Утром Феклистов приказал:

– Садись, оформляй все бумаги – протоколы допросов. Бандюган твой подписался?

– А как же!

– И передавай в прокуратуру. Мы свое отработали. Преступников задержали, допросили, награбленное вернули.

– Николай, поздно вечером на вокзале постового ножом ударили.

– В наших сводках он не проходил, это дело транспортной прокуратуры и милиции.

– Знаю. Обрати внимание на два обстоятельства. Первое – преступник ударил постового ножом в левый бок, в грудную клетку. И второе. Там все на глазах у пацана происходило. Так он примету интересную сообщил – мочка левого уха у него разорвана.

– Повтори!

Николай Иванович покрутил в руке спичечный коробок. Как уже заметил Андрей, делал это начальник угро, когда заинтересован был.

– Думаешь, это мой полицай с фото? Как же его? А, Гурин Григорий Никифорович.

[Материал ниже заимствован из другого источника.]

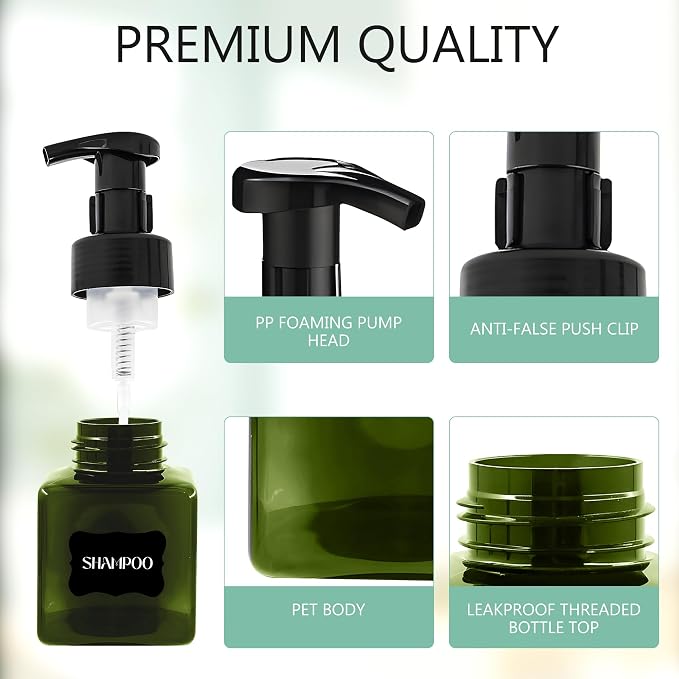 8.5 oz Foaming Soap Dispenser Plastic Foaming Pump Bottle, Refillable Dispenser - Image 5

– А про убитого на кладбище Болотникова помнишь? Тоже ведь раны смертельные были нанесены в левую половину грудной клетки.

– Полагаешь – одно лицо?

– Судя по почерку – да.

– Значит, он где-то рядом поселится. Или в Балашихе живет, либо в Москве. Зачем тогда в Балашиху приезжает?

– Надо пахана трясти, про которого раненый Трегубов рассказал. Если пахан сказал, что это страшный человек, он как-то общается с ним, знает его.

– Конечно. А если пахан – тоже из полицейских и знакомы они с войны, вместе служили в карательном батальоне?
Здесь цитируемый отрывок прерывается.